**What you are asked to do**
Find the line below with "New! Reformation Vivi" and the line with "Gray patina cross stitched monkstrap". Output them and the lines between, exactly, but not the pictures.

**Input records**
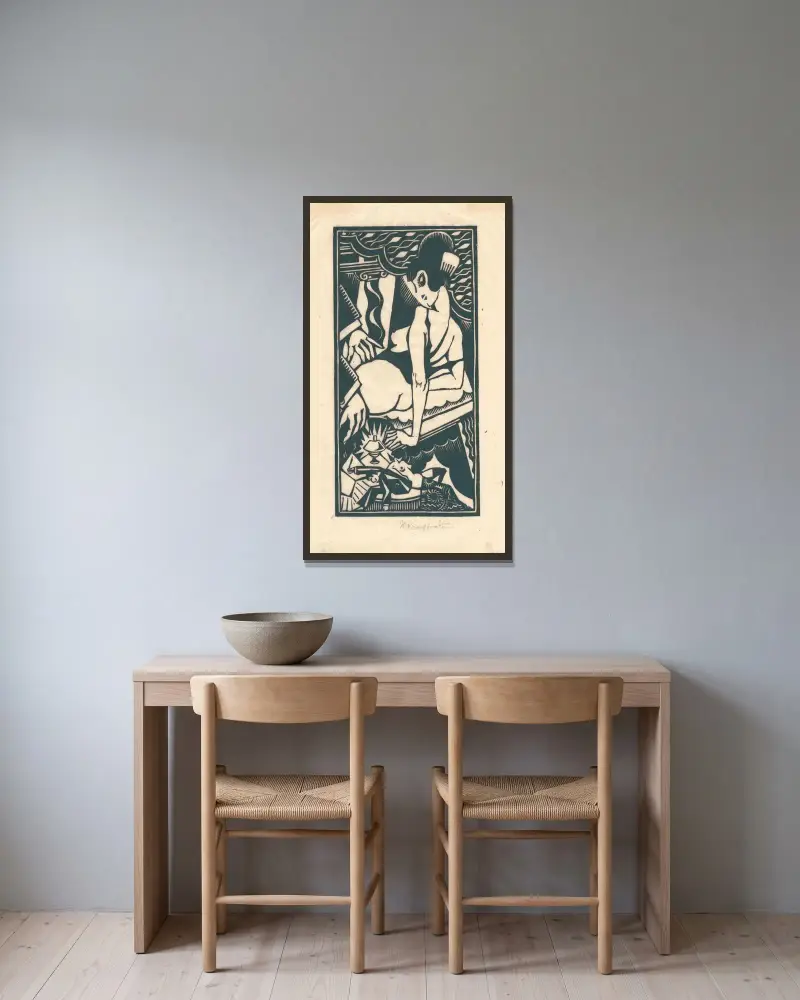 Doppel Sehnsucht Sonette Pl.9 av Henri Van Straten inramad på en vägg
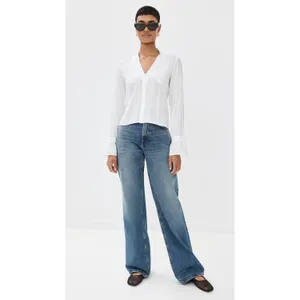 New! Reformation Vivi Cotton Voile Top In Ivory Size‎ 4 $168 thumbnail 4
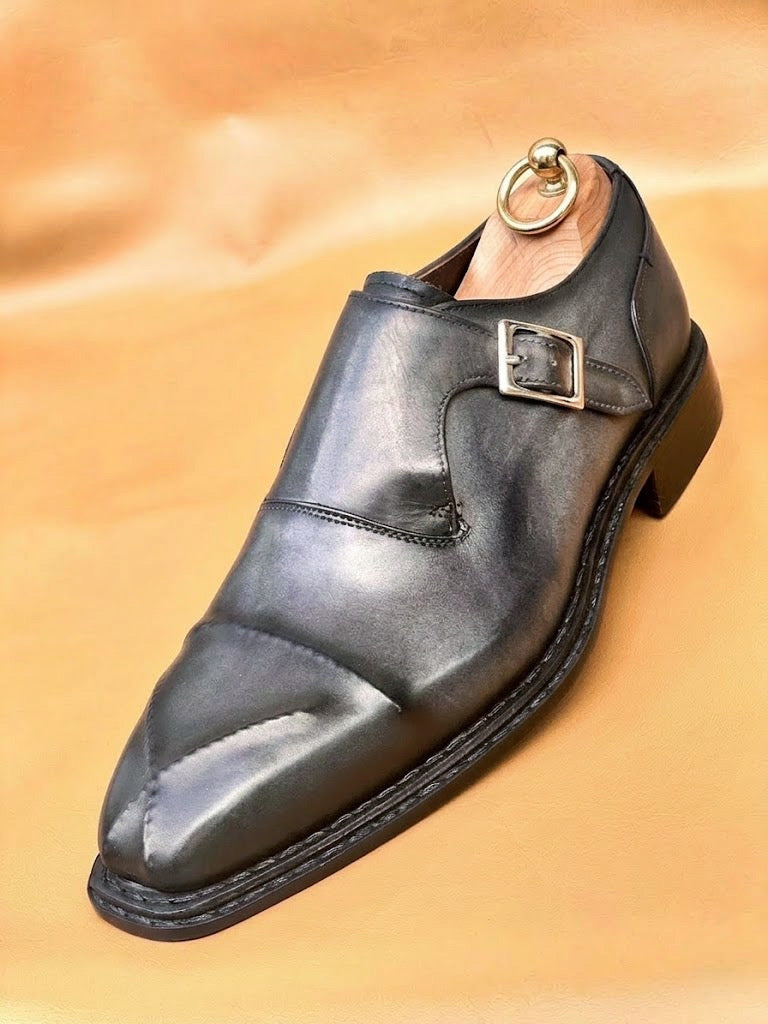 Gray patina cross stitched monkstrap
* * *
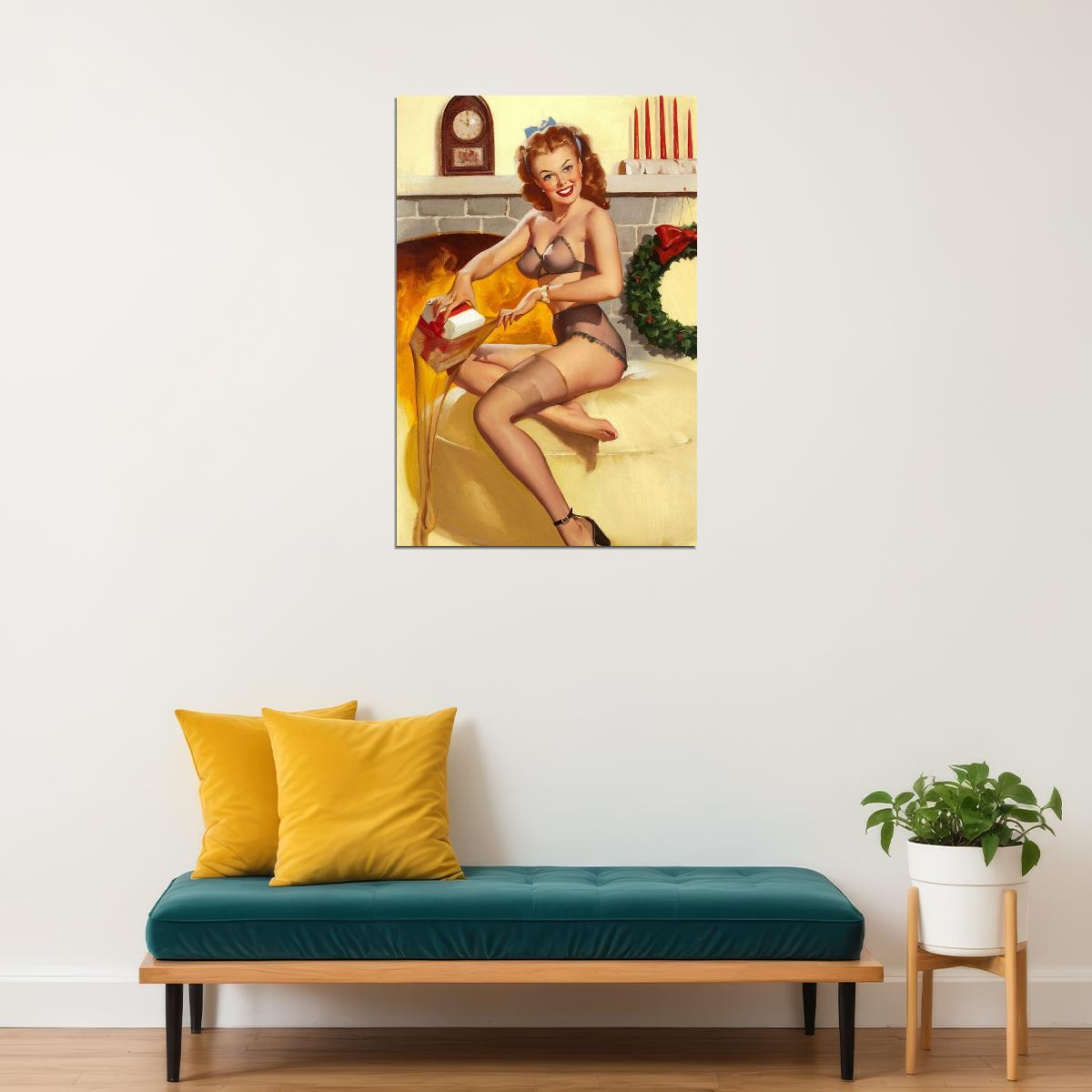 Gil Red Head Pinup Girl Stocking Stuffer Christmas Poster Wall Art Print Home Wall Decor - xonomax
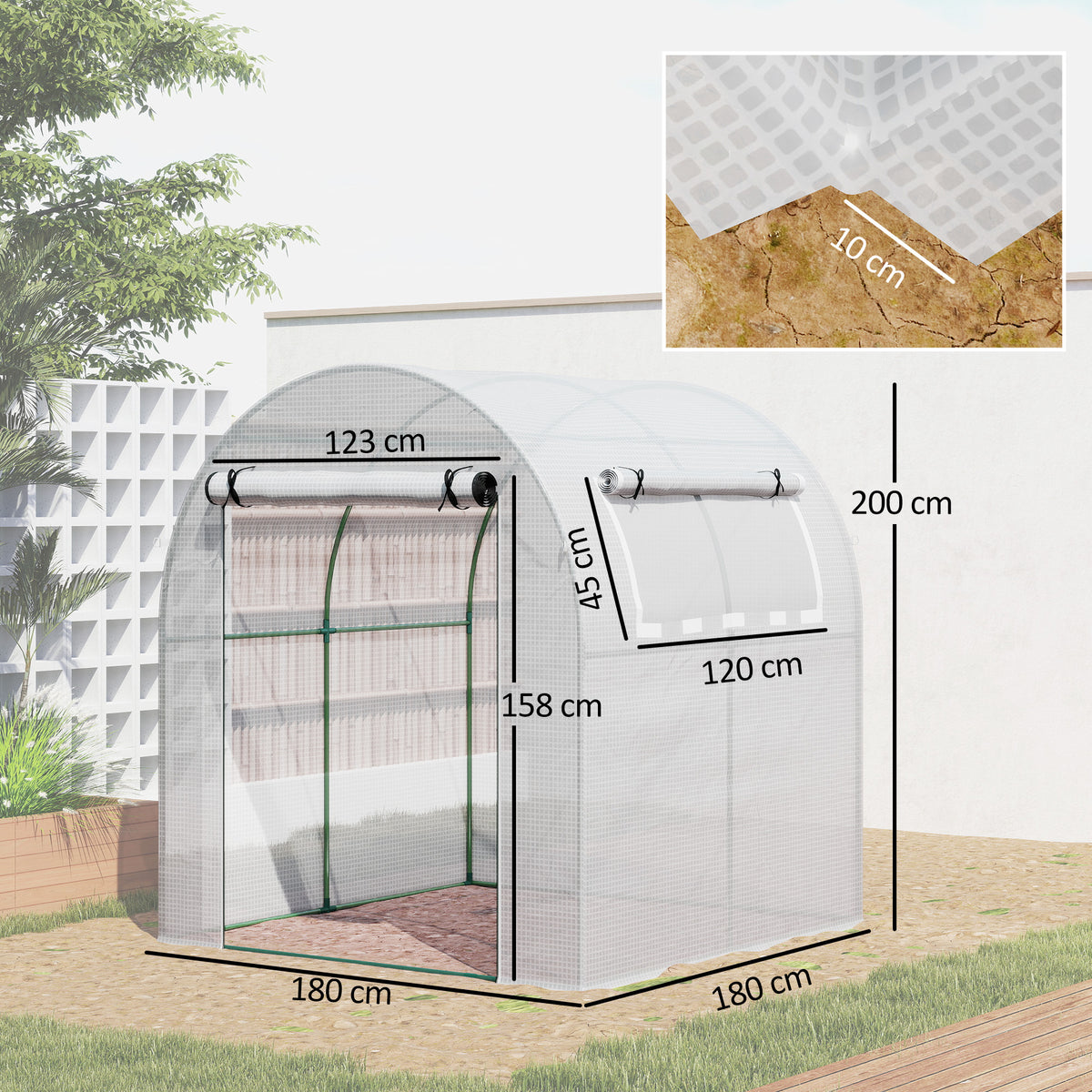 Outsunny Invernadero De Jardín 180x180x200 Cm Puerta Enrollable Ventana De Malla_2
...
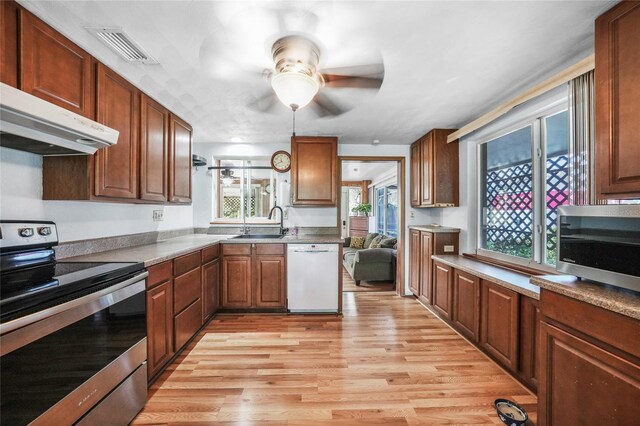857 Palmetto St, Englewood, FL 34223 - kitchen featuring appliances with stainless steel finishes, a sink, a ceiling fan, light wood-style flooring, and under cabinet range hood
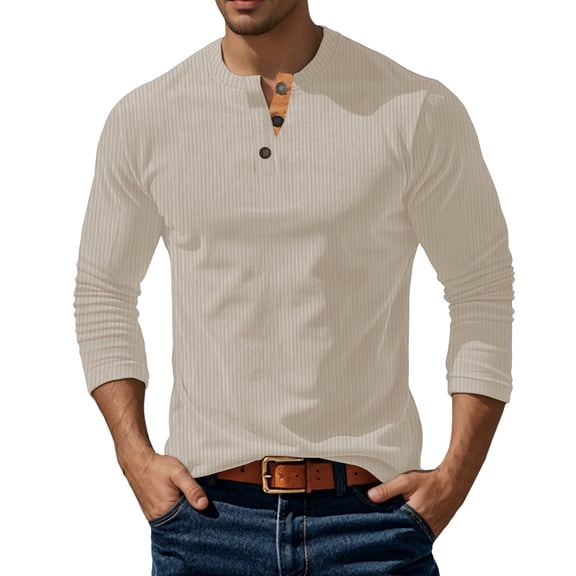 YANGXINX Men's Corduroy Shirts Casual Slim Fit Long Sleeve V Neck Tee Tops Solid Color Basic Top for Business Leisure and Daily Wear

**Solved problem**
 New! Reformation Vivi Cotton Voile Top In Ivory Size‎ 4 $168 thumbnail 4
 Gray patina cross stitched monkstrap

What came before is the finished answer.